Creating the Nutanix Windows VM Golden Image

1. We create a new Windows VM in AHV ensuring to use the latest VirtIO drivers available from the Nutanix portal. Here is a detailed procedure for the process.
2. Once the VM is ready, we install cloudbase-init in it. Cloudbase-Init is designed to complement the sysprep process by extending the customization capabilities for Windows instances in cloud environments. It works by processing cloud-init data, which typically includes information provided by the cloud platform, such as user data, metadata, and configuration settings specific to the instance.
3. We clone the VM so as to run sysprep in the clone and create a reusable image from it.
4. In the cloned VM, we run the Windows Sysprep tool with the following command. Sysprep involves generalizing the Windows OS, so that when new VMs are provisioned from that template, they each have that individuality and function correctly in a Windows domain network.

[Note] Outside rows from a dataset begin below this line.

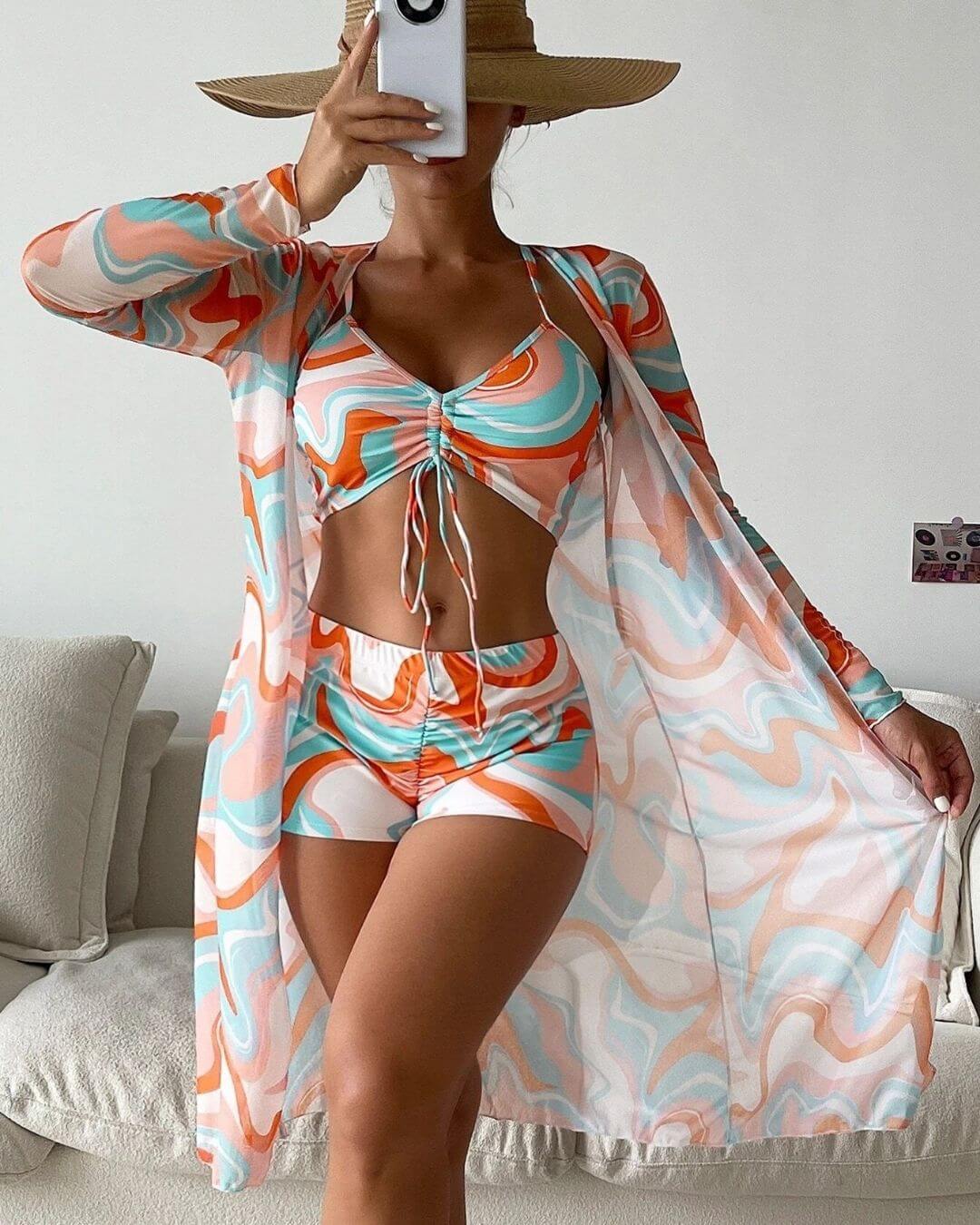 Sexy 3 Pieces Swimsuit Long Sleeve Cover Up
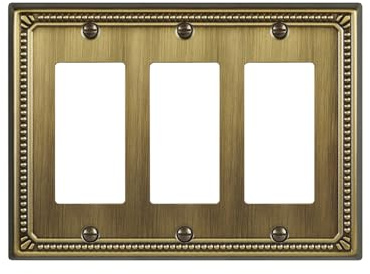 ZILLSEA 1 paquete de placas de pared decorativas triples de latón antiguo, cubiertas de enchufe eléctrico de metal para receptáculos, interruptores de atenuación, GFCI, diseño decorativo de perlas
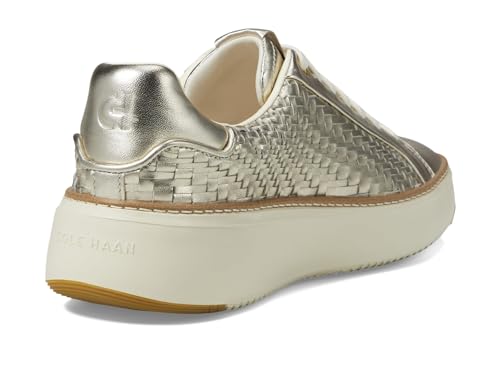 Cole Haan Cole Haan Women's Grandpro Topspin Sneaker, Soft Gold Genevieve Weave Leather/Ivory, 8.5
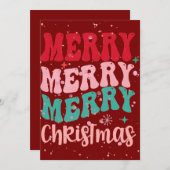 バーガンディー メリークリスマス カード (正面/裏面)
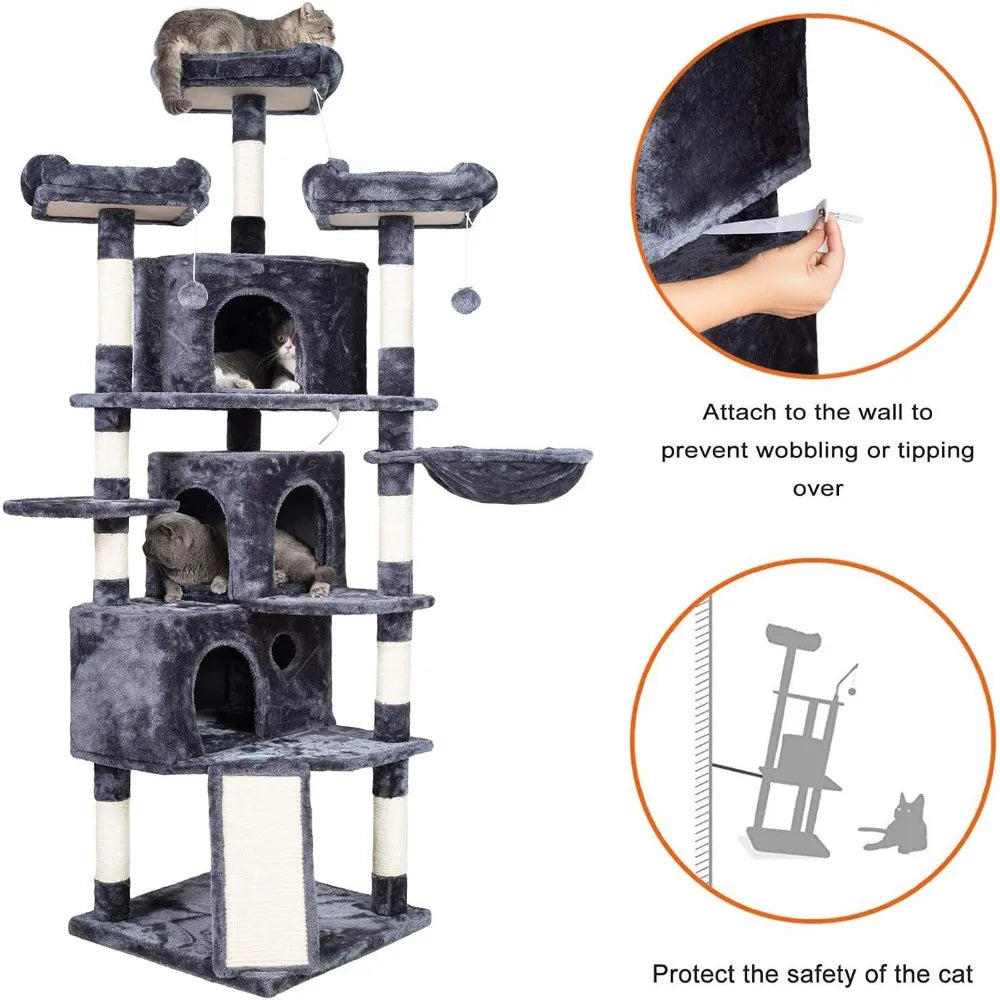 Cat Tower with Caves, Cozy Perches, Scratching Posts, Activity Center Stable for Kitten/Big Cat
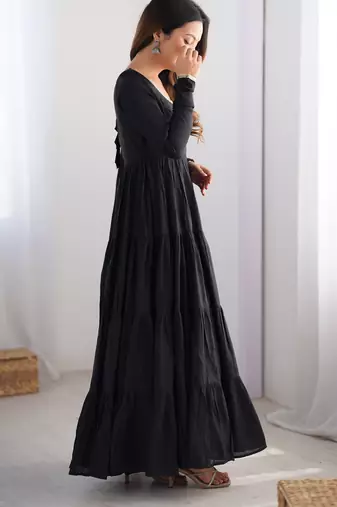 Black Flared Anarkali with Banarasi Dupatta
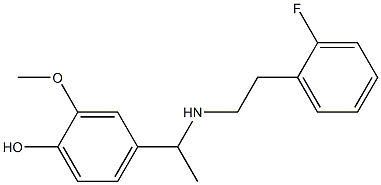 4-(1-{[2-(2-fluorophenyl)ethyl]amino}ethyl)-2-methoxyphenol Struktur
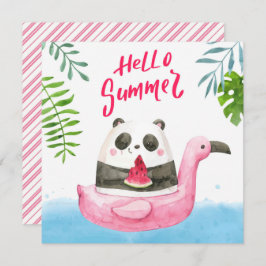 Cartão de Saudação Summer Panda Flamingo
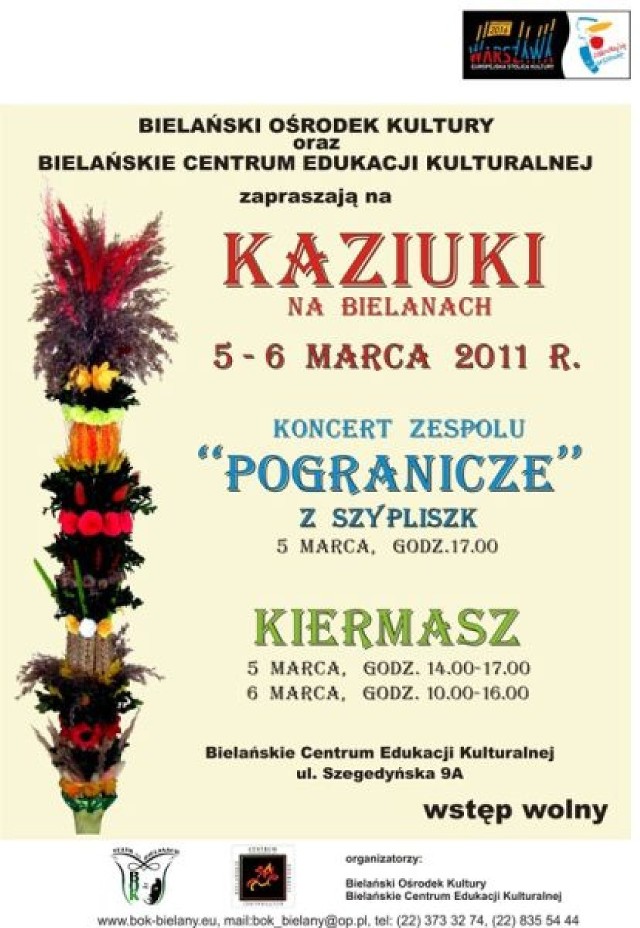 5-6 marca 2011 na Bielanach odbędzie się kiermasz ...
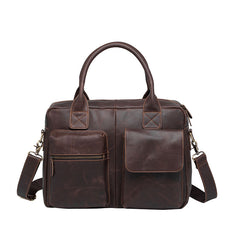 Cool Coffee Leather Mens Briefcase Work Handbag 15inch Laptop Bag Business Bag for Men - iwalletsmen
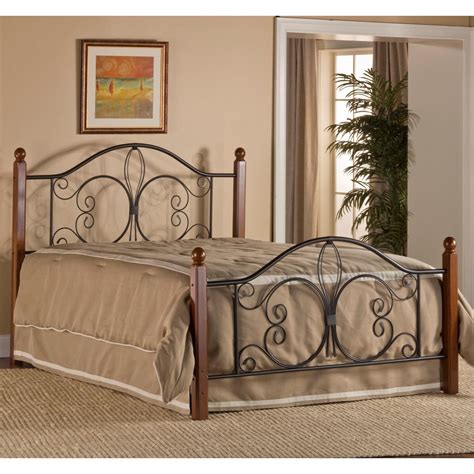 Hillsdale Metal Beds Queen Milwaukee Wood Post Bed With Bed Frame A1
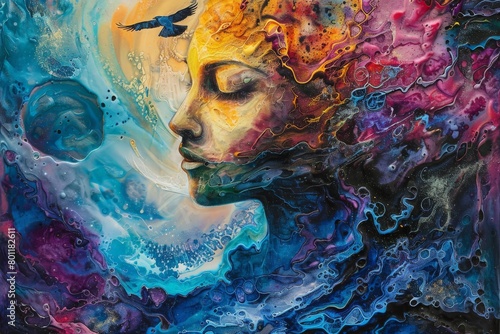 A vividly colorful painting of a beautiful woman amidst mystical waves at night  featuring iridescent hues that capture the melting beauty of the universe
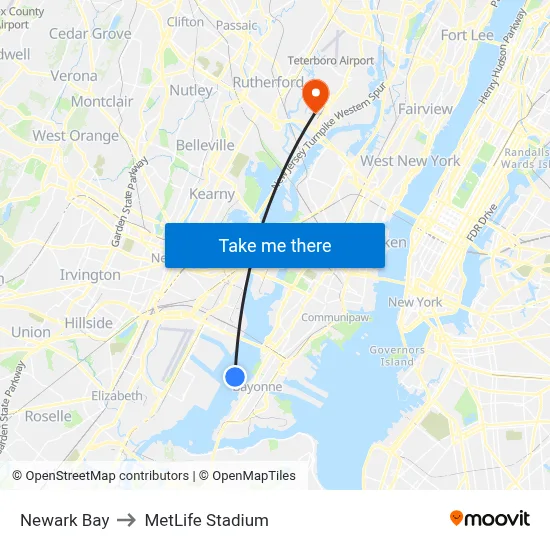 Newark Bay to MetLife Stadium map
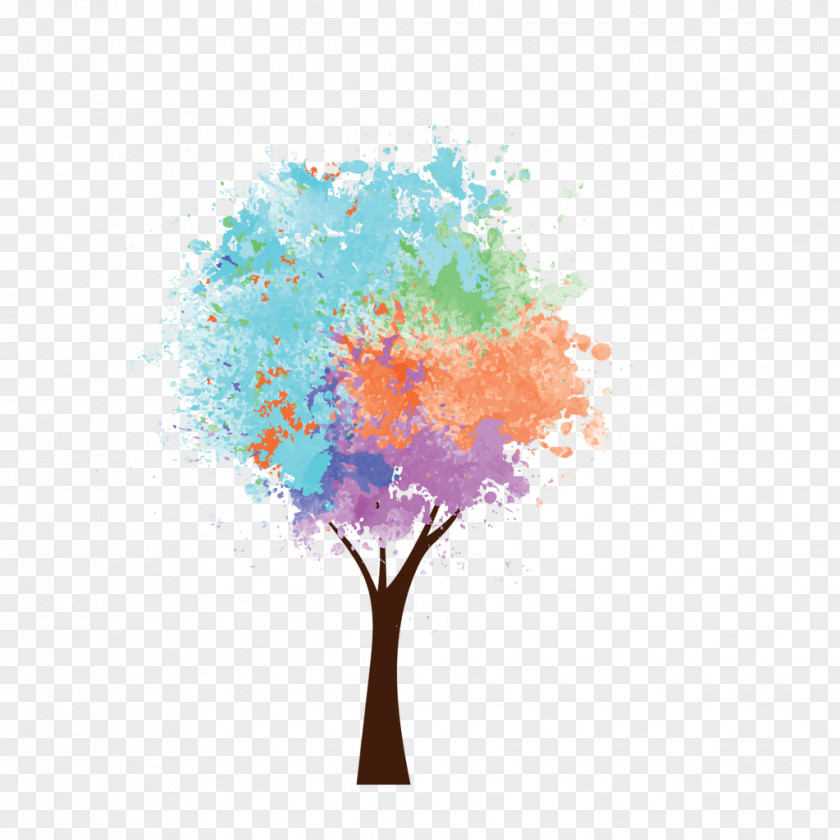 Vector Color Tree Art Painting PNG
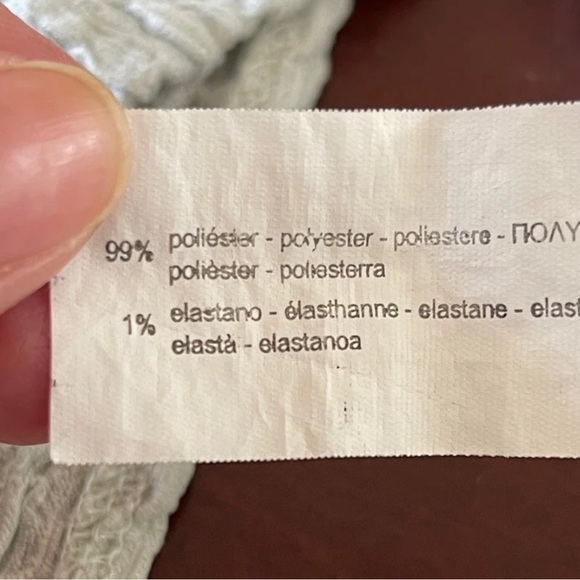 ZARA Short Sleeve Stretchy Waffle Kit Top With Open Tie Back size 13-14 - Picture 4 of 7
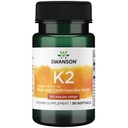Swanson Vitamin K2(Menaquinone-7) - 维生素补充剂支持心血管和骨质健康 - 由日本Natto制造,帮助调节钙 - (30 Softgels,每架100mcg)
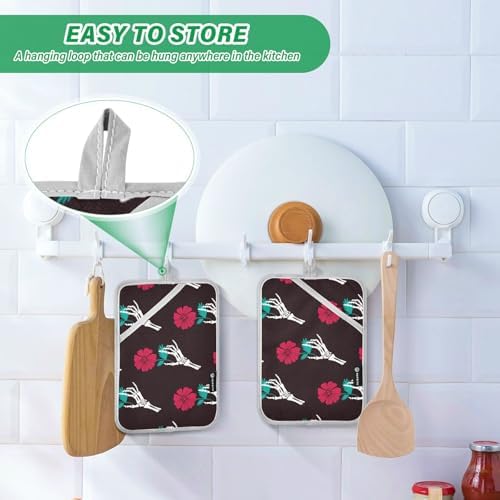 Ourvi Halloween Skull Flowers Pot Holder Set 2 Piece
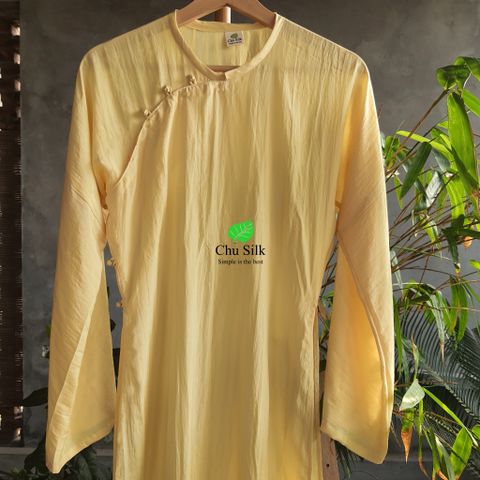  Áo dài xưa cổ kiềng tròn lụa màu vàng 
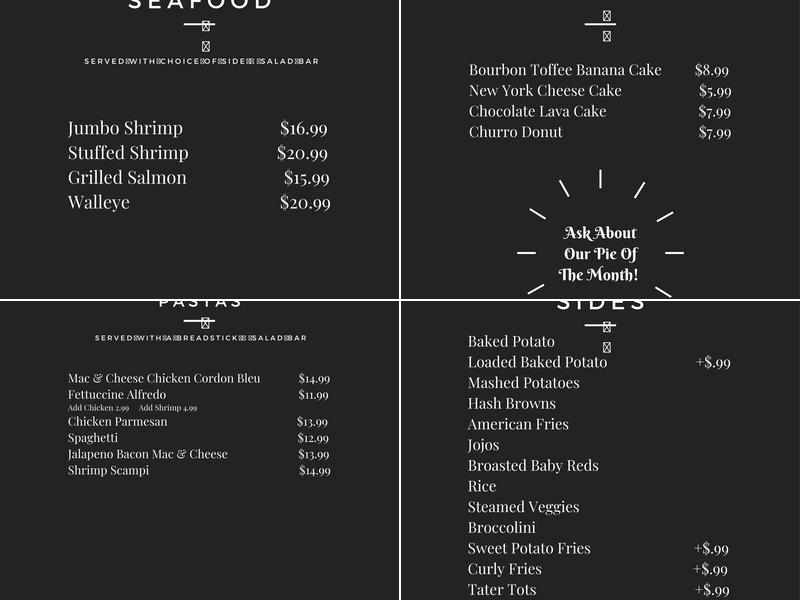 Speedway Event Center Menu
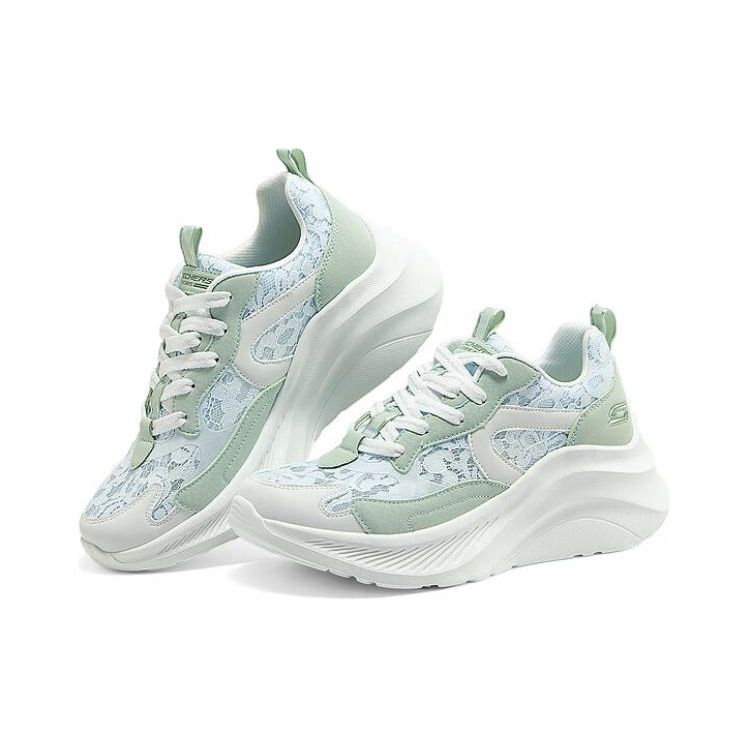 Skechers Mesh Comfortable Versatile Wear-Resistant Breathable Height-Increasing Low-Top Dad Shoes Women sneaker White Green 117520-SAGE
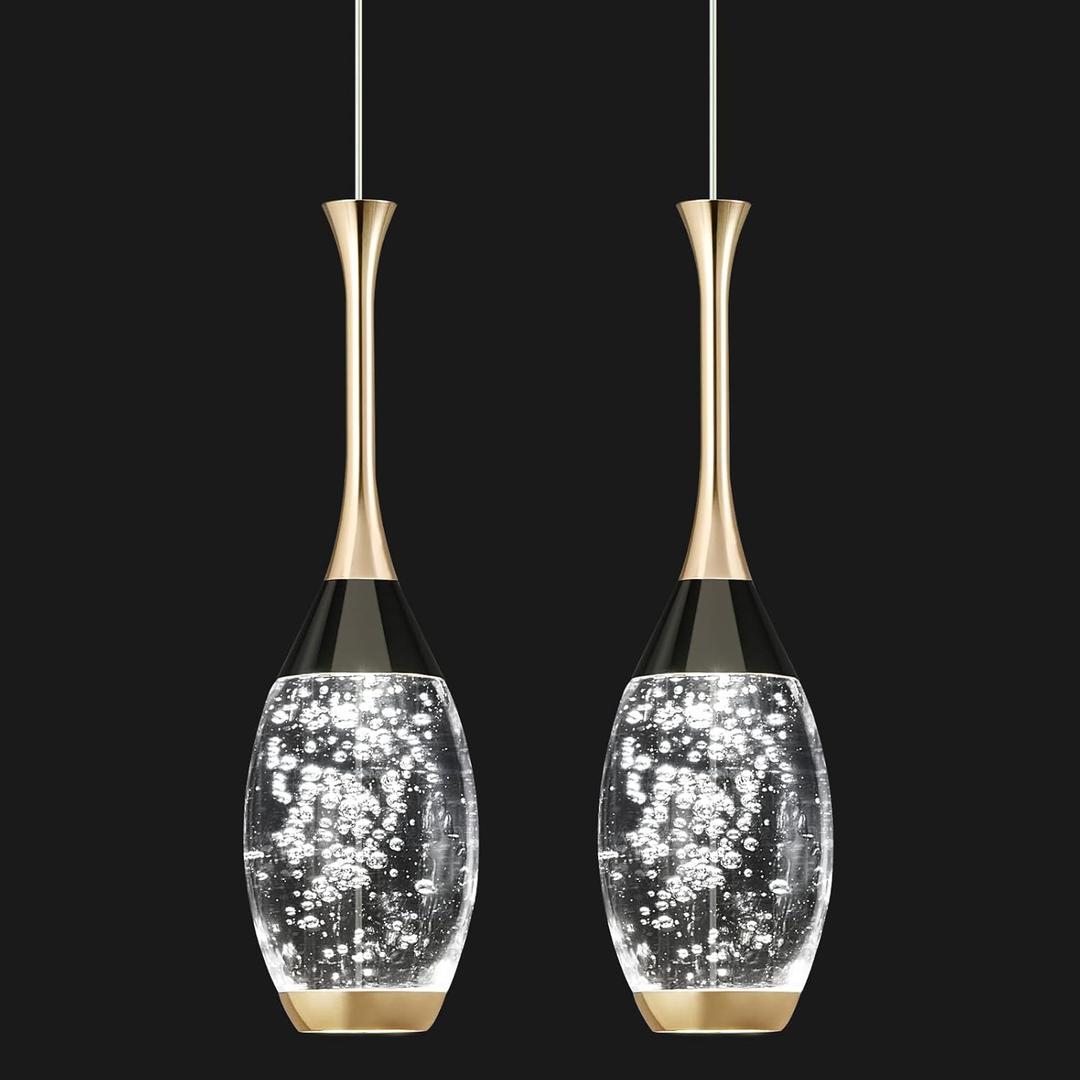 Modern Black Gold Pendant Light Dimmable LED Ceiling Light Fixtures Mini Teardrop Crystal Pendant Lighting for Kitchen Island Bedroom Hallway Entryway (2-PackChampagne Gold)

C:\Windows\System32\Sysprep\sysprep.exe /generalize /oobe /shutdown /unattend:<path_to_unattend.xml>

Note that by specifying the /shutdown option, the VM will power off after the Sysprep command finishes running.

We have used a sample unattend.xml below, which is taken from the official OpenShift documentation. It has all the changes needed to configure Windows instances. There are two items in this template that you will have to modify before using it in your setup

• ComputerName, which will be the name of the Computer inside the guest VM
• Value for the AdministratorPassword, which should be the Administrator account password.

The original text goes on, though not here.